My cell was made of cement blocks, 7 feet by 5, so there was just room for a bed and a little bed table.

Any contact with the outer world is prohibited as well as any distracting activities such as reading, listening to music; writing/journaling, drawing etc…. it felt like I was going into monkhood. Goenka explained later that this is by design. Vipassana being a Buddhist inspired practice, trust is granted to students to respect the precepts without enforcement or policing.

I had given the travel clock to Kamala and surrendered my cell phone to the valuables check-in, so the first days I was without any notion of time other than the gong ringing when it was time to go meditate or eat. I was curious to see what it would feel like to live without any way of telling time. After all, how many times does that happen in the life of an adult? It was strange…When napping the first few days I would wake up not knowing if I had slept 15 minutes or an hour. Then a couple of –very- early mornings I got up, excited to start the day, thinking I was a bit ahead of the crowd for showering, to discover the first time that I was 1 hour ahead, at 3:00 am… and the second time that it was 1:30 am! I had slept 4 hours, was showered, with wet hair walking around the center at 1:30 am, feeling genuinely brainless! So I got a clock. From then on, I most often awoke around 3:30 to have time to shower, shave and be well-awake for the 4:30 morning meditation. Mid-way through the early morning session I would go out for a few minutes, stretch my back and legs, and gaze through the tall trees to admire the emerging dawn bring the small valley to life.

The meditation method evolved over the course of the retreat. The first 3 days, we focused on observing incoming and outgoing breath. Not controlling it, just observing; This is called “Anapana”. The idea is for the mind to be completely concentrated. Of course, at the first opportunity my mind starts to stray, so I bring it back to my breath… And it strays again. So I bring it back again. Then it decides to literally take off, on any topic of its choice; what happened yesterday, or last year, our family Christmas in LA, what will happen tomorrow; what about when we get out in 9 days from now? 9 days, wow, how long will that be? How will I start my long-due blog, let’s see,…? And by the way, what’s for breakfast, what time is it, what’s for lunch, what about Obama, how is Kamala doing?...

As Goenka would say, my mind was just like a monkey, jumping from one branch to another, then to the next, and the next… Like the dozens of monkeys we shared the grounds with, that trampled on the tin roofs above the sleeping quarters.

As the second day went by, my mind’s wandering drastically calmed down.

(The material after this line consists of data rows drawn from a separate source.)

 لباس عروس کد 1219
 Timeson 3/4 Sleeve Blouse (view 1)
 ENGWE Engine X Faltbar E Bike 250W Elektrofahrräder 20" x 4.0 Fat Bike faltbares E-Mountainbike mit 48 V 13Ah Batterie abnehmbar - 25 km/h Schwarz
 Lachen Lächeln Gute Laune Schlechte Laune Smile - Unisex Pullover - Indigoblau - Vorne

The duration and frequency of mind-straying reduced and the simple focus on breath observation, as well as maintaining a straight posture, became all-absorbing. I started to feel unknown, subtle aspects of my breathing, such as differences between inhale and exhale air quality, moisture, temperature or facial micro-movements. The slight pull of my upper lip inwards and upwards when inhaling; a similar movement in my forehead and temporal skin, a tightening of my nostril rings and of the skin inside my nose... With the quieting I became aware of sensations I was otherwise completely oblivious to. A more subtle and refined experience of my body began.

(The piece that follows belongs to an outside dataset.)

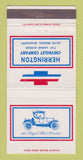 Matchbook Cover - Herrington Olive Branch MS 30 Strike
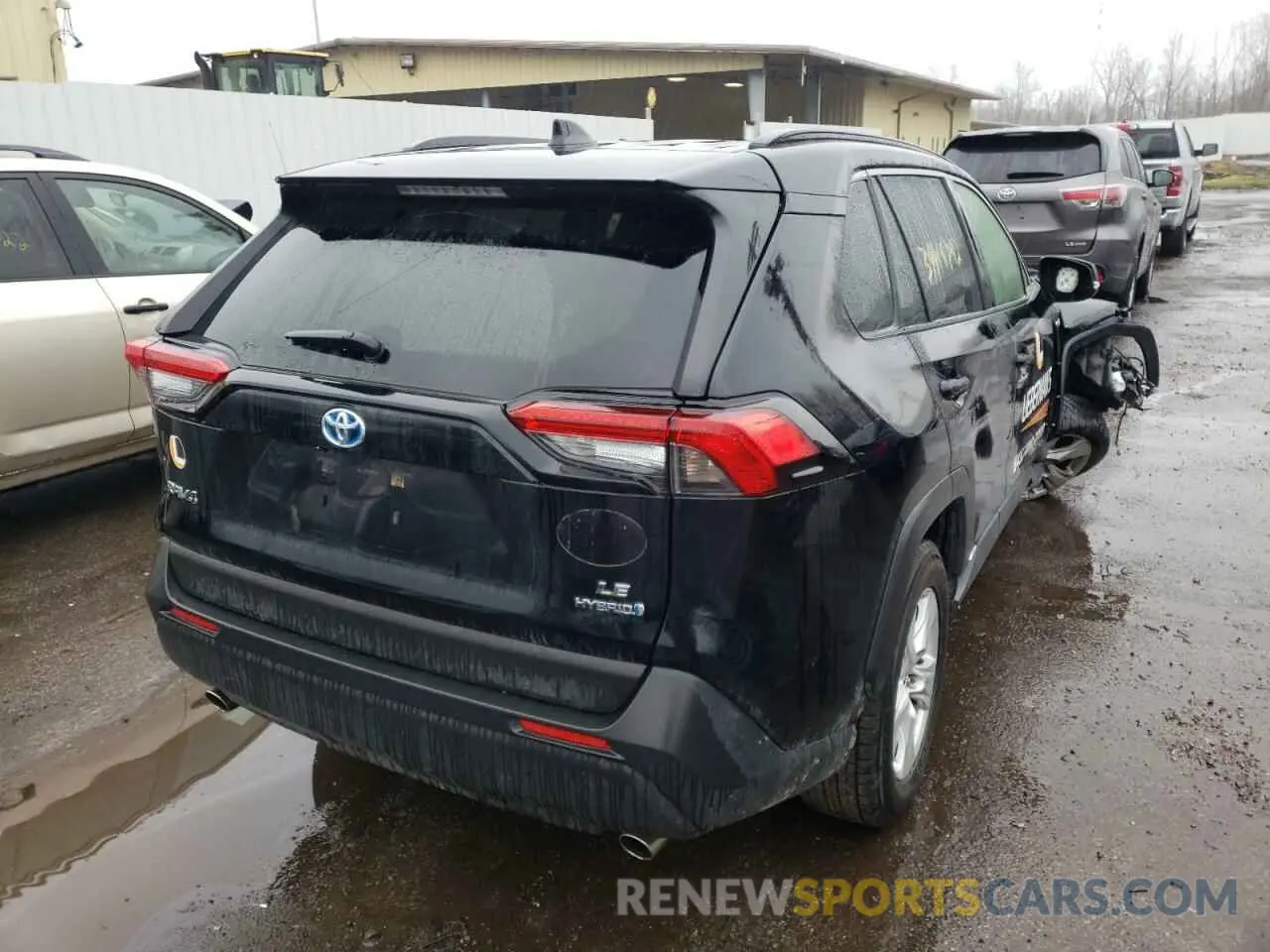 4 fotografías del automóvil dañado JTMMWRFV2KD008099 TOYOTA RAV4 2019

The tight and well designed schedule left no room for distraction or restlessness. At breaks we would watch the ever-entertaining show of the monkey families in the trees and the roofs of the center, alternating with contemplation of the monsoon rain pouring through the trees. Little naps and short strolls were about all that would fit into the rest periods. I took time off from meditation sessions a couple of occasions when I felt I had crossed my learning threshold, so I was able to fit in some yoga practice, either stretching on my bed or doing postures in one of the small meditation halls. This was a treasure; my body was… craving for it!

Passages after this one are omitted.